**Prompt**
Retype the lines from the first one in the records down to the line containing "Bright and functional", counting both, and leave out any pictures.

**Collected data**
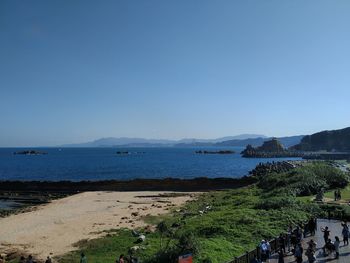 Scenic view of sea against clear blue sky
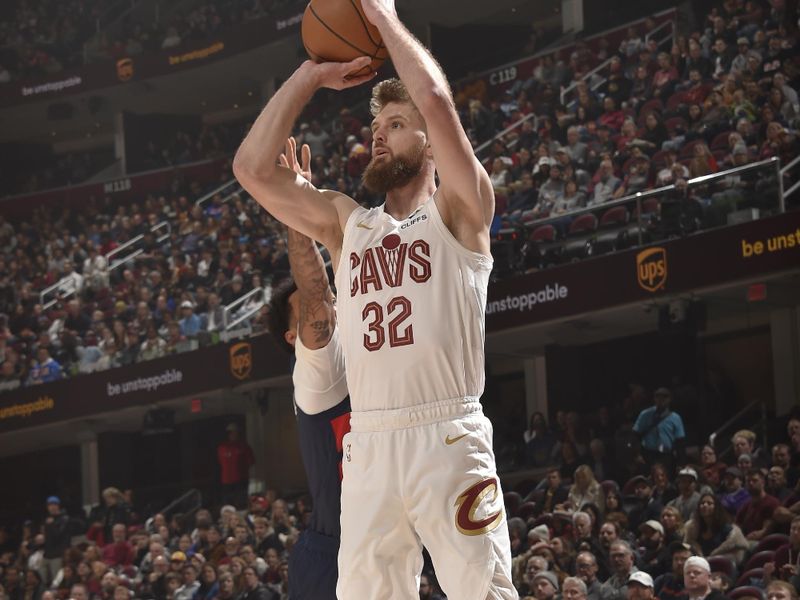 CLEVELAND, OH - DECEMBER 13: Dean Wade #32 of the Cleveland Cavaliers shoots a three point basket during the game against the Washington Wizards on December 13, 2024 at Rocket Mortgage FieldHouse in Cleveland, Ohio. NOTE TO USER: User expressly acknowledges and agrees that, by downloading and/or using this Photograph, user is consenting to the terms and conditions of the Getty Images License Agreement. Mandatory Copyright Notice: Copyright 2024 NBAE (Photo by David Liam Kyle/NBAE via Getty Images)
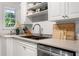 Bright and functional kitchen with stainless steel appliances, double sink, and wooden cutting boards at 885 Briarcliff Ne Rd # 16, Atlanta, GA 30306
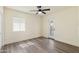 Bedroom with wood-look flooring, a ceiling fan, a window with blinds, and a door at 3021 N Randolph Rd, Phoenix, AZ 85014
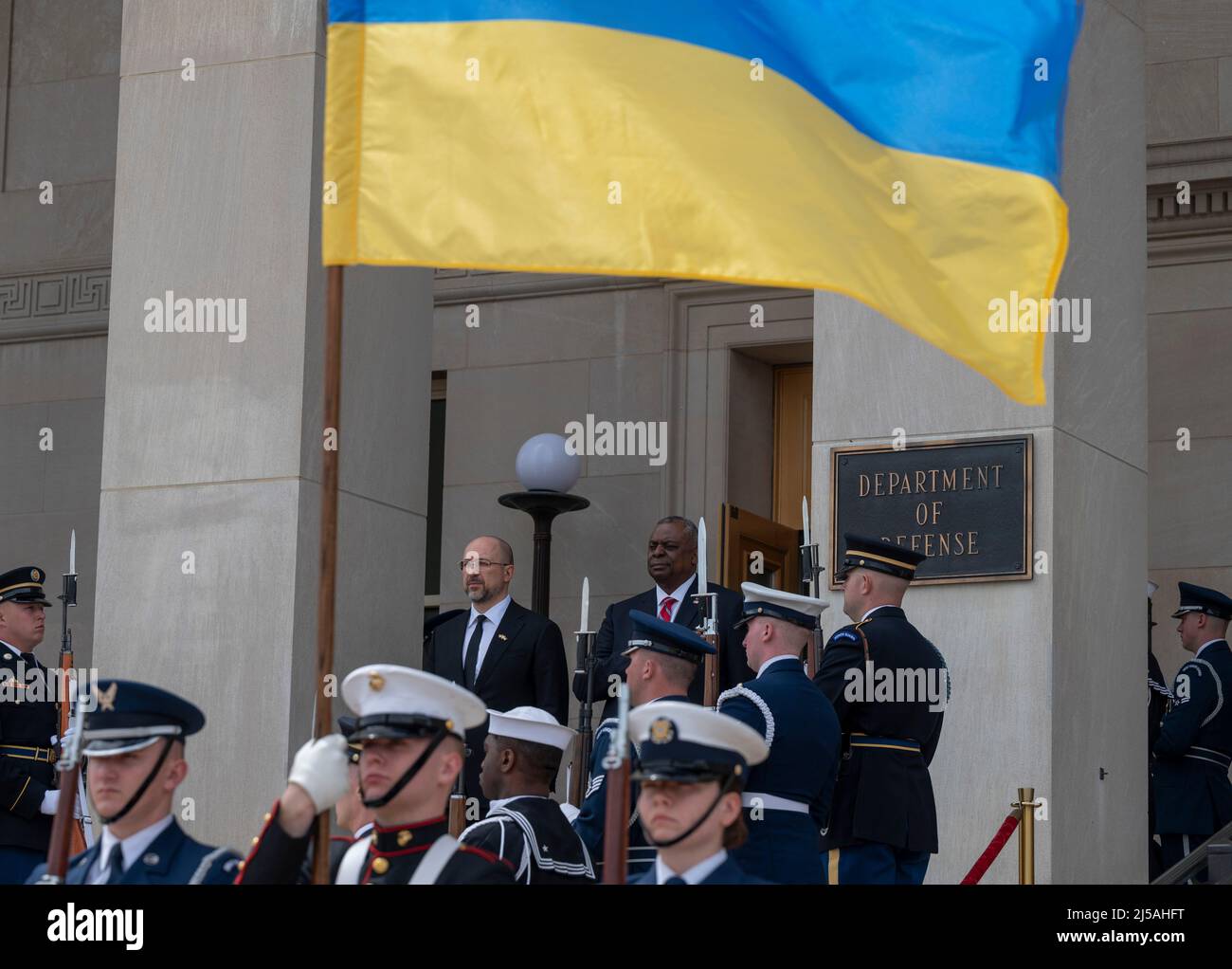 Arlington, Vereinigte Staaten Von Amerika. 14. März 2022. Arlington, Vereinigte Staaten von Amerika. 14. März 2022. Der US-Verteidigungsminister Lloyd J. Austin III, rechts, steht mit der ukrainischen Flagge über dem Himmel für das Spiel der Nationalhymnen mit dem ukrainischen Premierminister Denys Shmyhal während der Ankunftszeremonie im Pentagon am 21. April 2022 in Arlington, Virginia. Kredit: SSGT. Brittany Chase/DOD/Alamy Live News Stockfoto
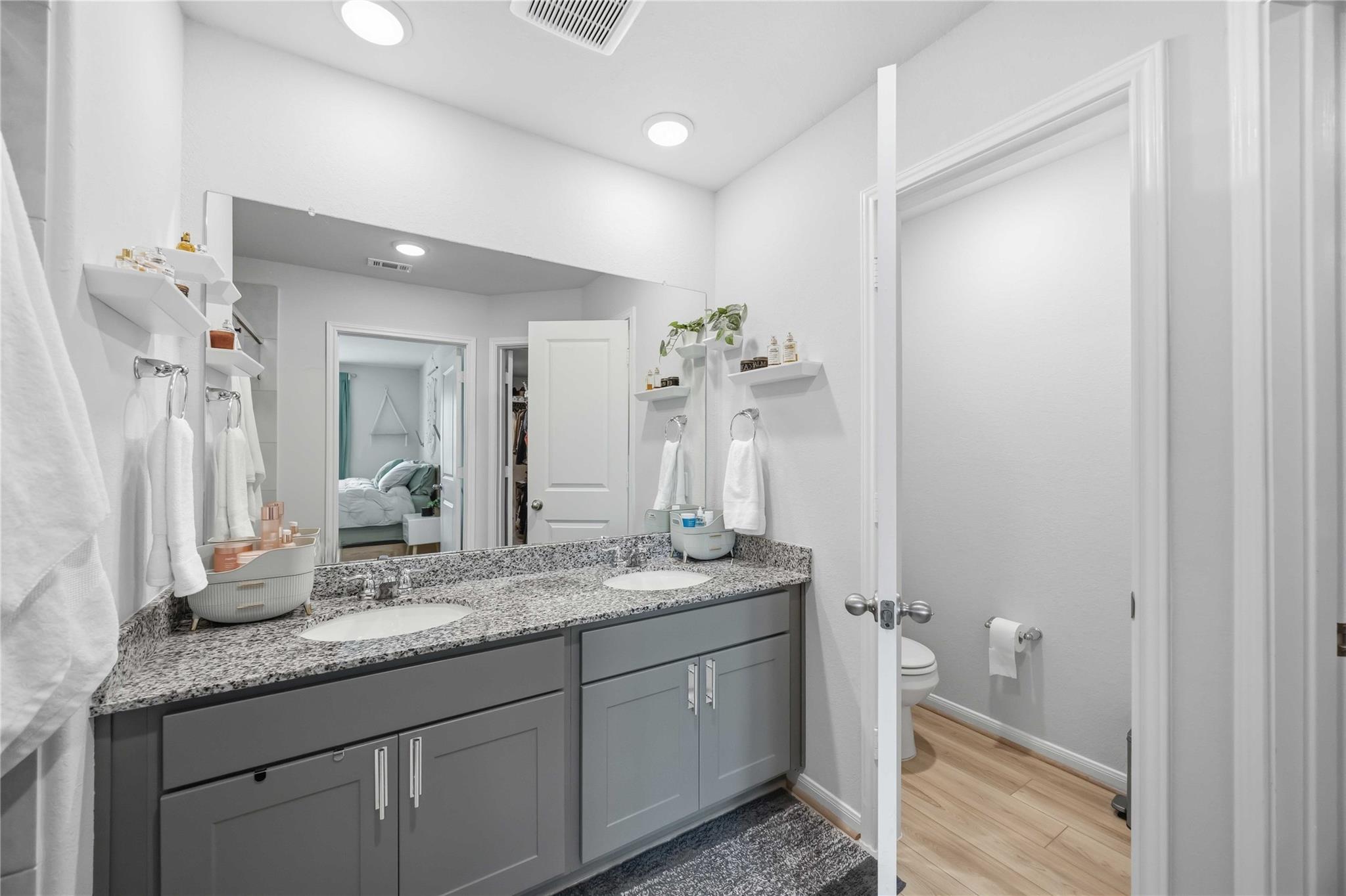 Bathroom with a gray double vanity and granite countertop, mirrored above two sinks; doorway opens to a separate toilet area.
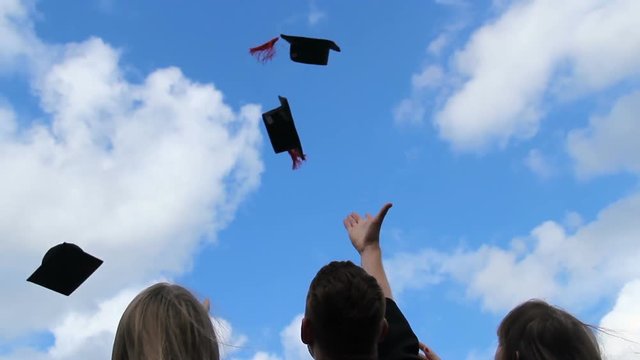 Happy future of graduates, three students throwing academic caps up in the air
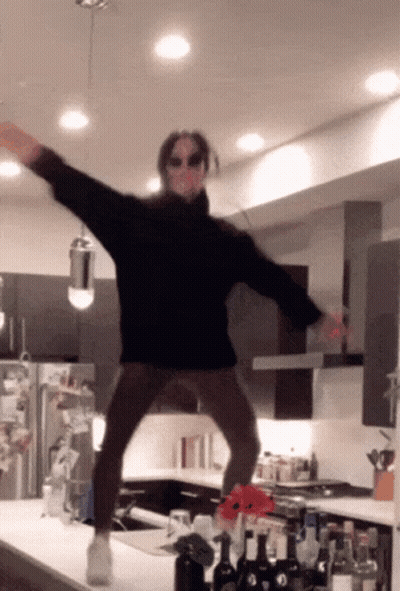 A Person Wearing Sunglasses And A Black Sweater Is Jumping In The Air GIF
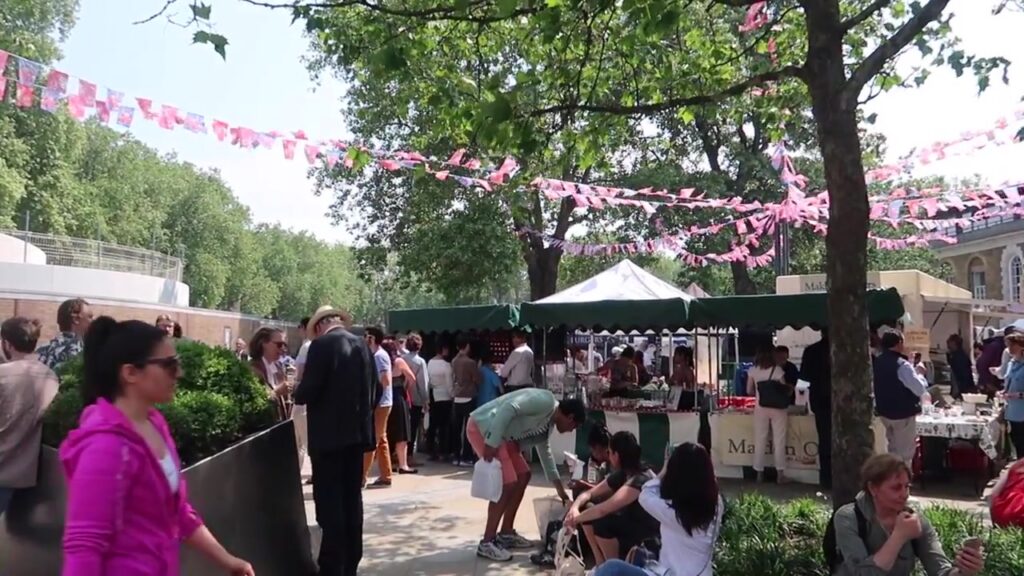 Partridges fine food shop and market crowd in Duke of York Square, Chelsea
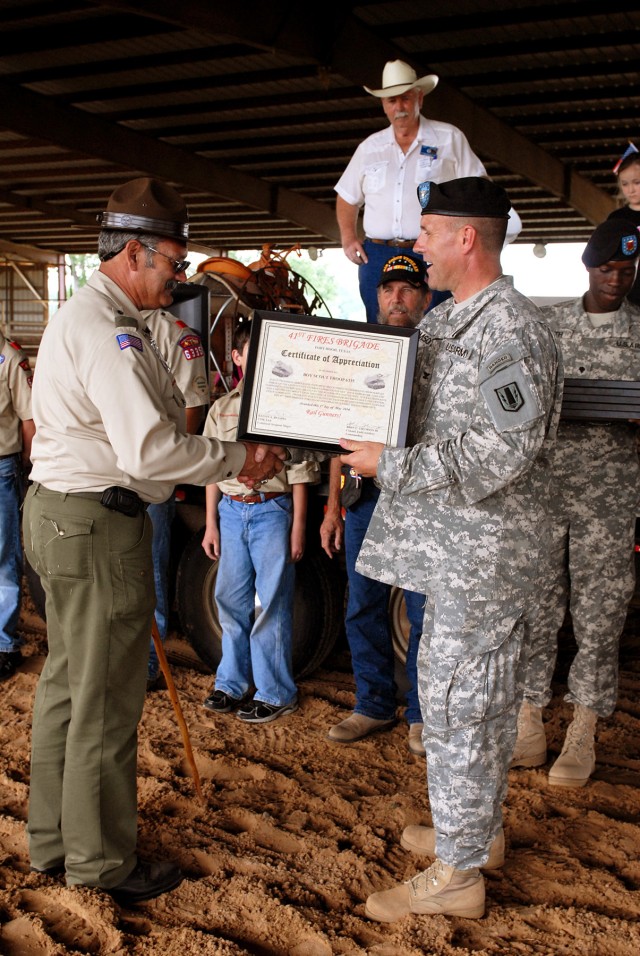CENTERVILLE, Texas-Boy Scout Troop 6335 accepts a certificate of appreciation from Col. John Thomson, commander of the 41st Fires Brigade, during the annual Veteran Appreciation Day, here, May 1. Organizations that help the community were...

**Solution below**
 Scenic view of sea against clear blue sky
 CLEVELAND, OH - DECEMBER 13: Dean Wade #32 of the Cleveland Cavaliers shoots a three point basket during the game against the Washington Wizards on December 13, 2024 at Rocket Mortgage FieldHouse in Cleveland, Ohio. NOTE TO USER: User expressly acknowledges and agrees that, by downloading and/or using this Photograph, user is consenting to the terms and conditions of the Getty Images License Agreement. Mandatory Copyright Notice: Copyright 2024 NBAE (Photo by David Liam Kyle/NBAE via Getty Images)
 Bright and functional kitchen with stainless steel appliances, double sink, and wooden cutting boards at 885 Briarcliff Ne Rd # 16, Atlanta, GA 30306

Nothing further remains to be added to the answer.